§ **TASK INPUTS**
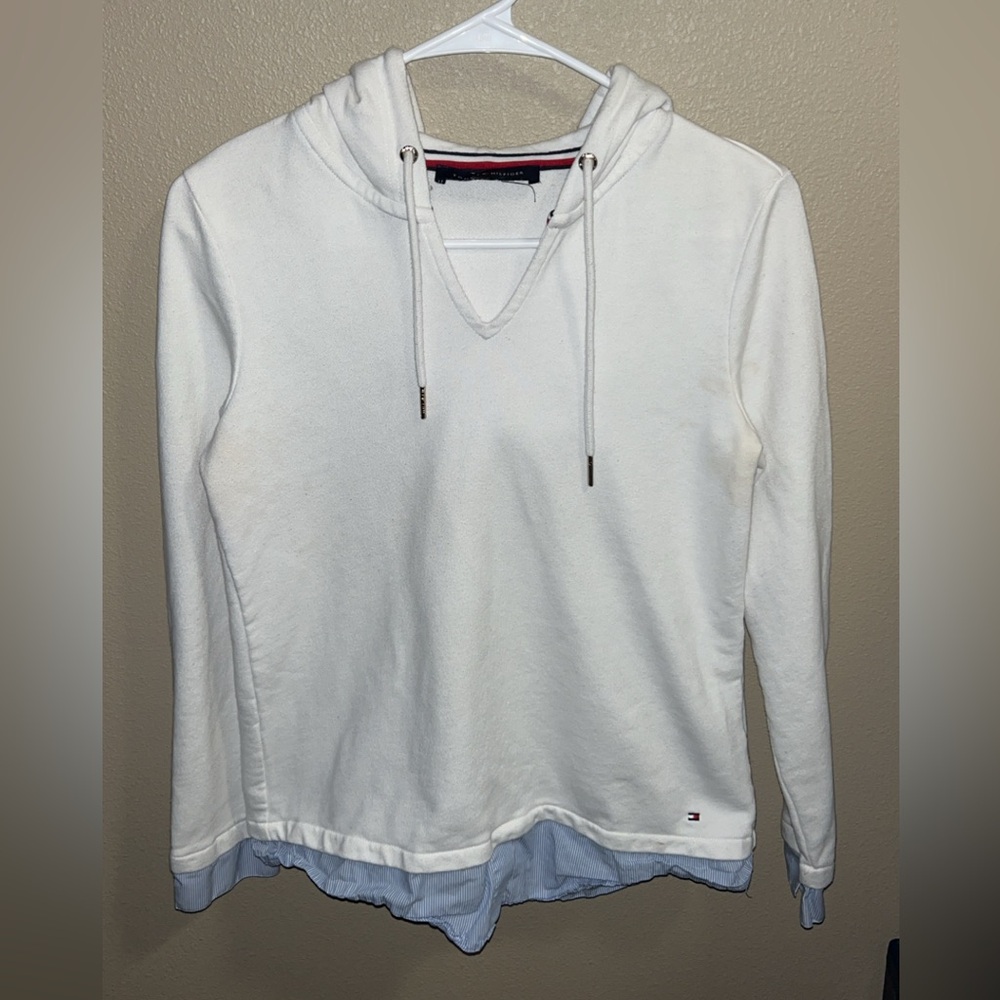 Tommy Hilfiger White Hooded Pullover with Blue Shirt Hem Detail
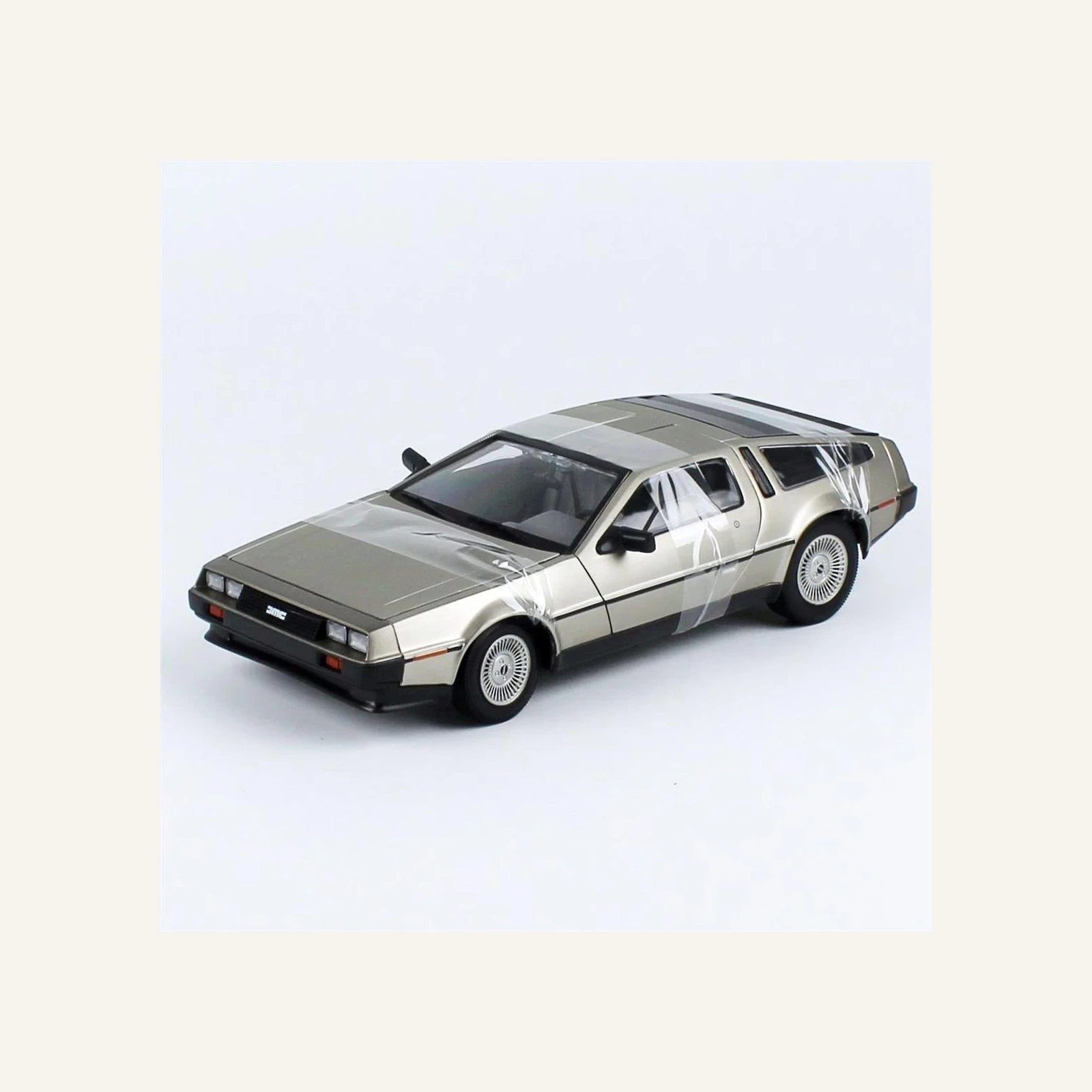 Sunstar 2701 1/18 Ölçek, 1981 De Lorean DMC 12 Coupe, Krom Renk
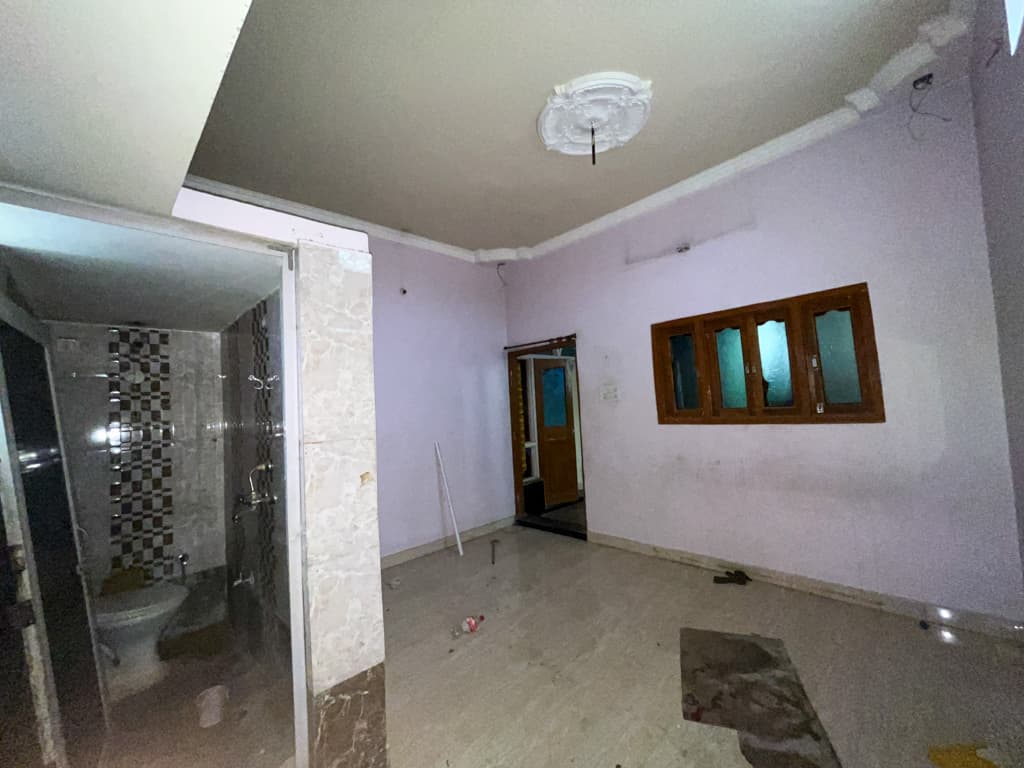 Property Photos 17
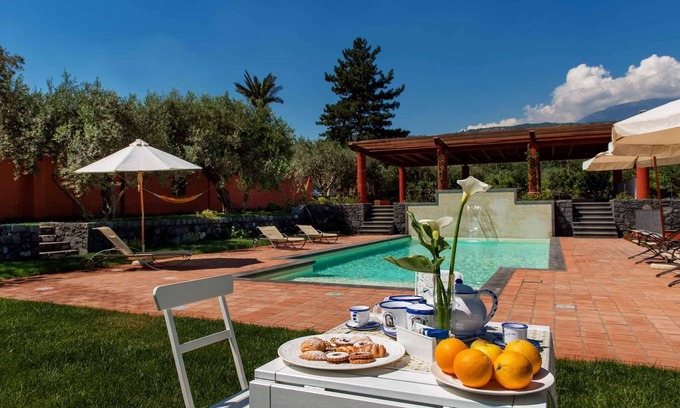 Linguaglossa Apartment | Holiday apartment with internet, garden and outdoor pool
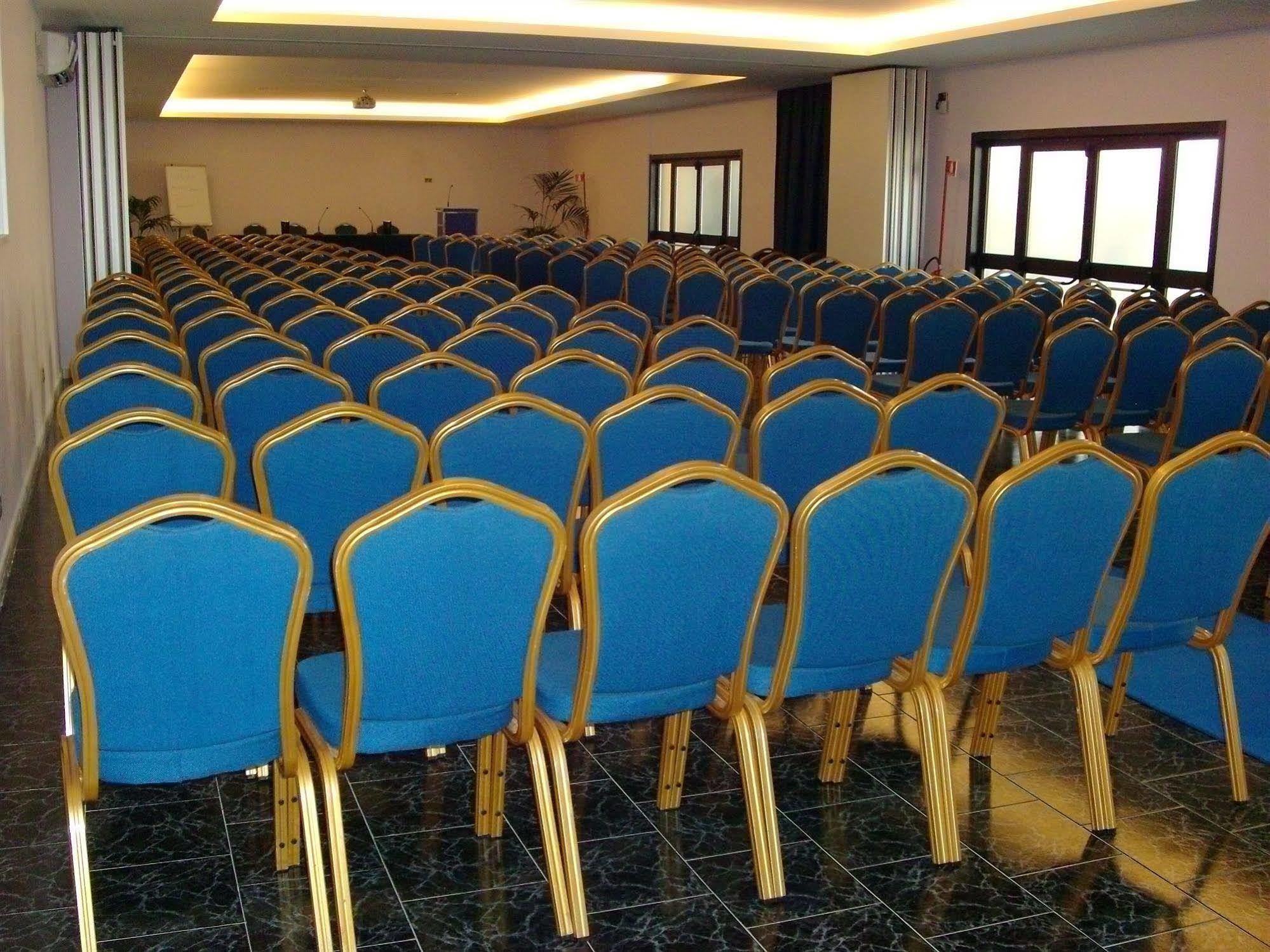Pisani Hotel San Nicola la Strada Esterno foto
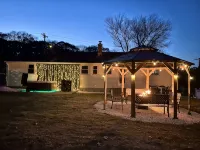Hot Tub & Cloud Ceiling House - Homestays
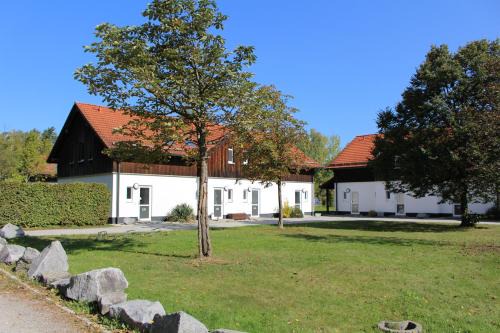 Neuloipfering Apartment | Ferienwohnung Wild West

§ **WHAT THE TASK REQUIRES**
From the very first line of the listing above through the line that holds "Pisani Hotel San", write out each line exactly as it stands, leaving pictures out.

§ **TASK SOLUTION**
 Tommy Hilfiger White Hooded Pullover with Blue Shirt Hem Detail
 Sunstar 2701 1/18 Ölçek, 1981 De Lorean DMC 12 Coupe, Krom Renk
 Property Photos 17
 Linguaglossa Apartment | Holiday apartment with internet, garden and outdoor pool
Pisani Hotel San Nicola la Strada Esterno foto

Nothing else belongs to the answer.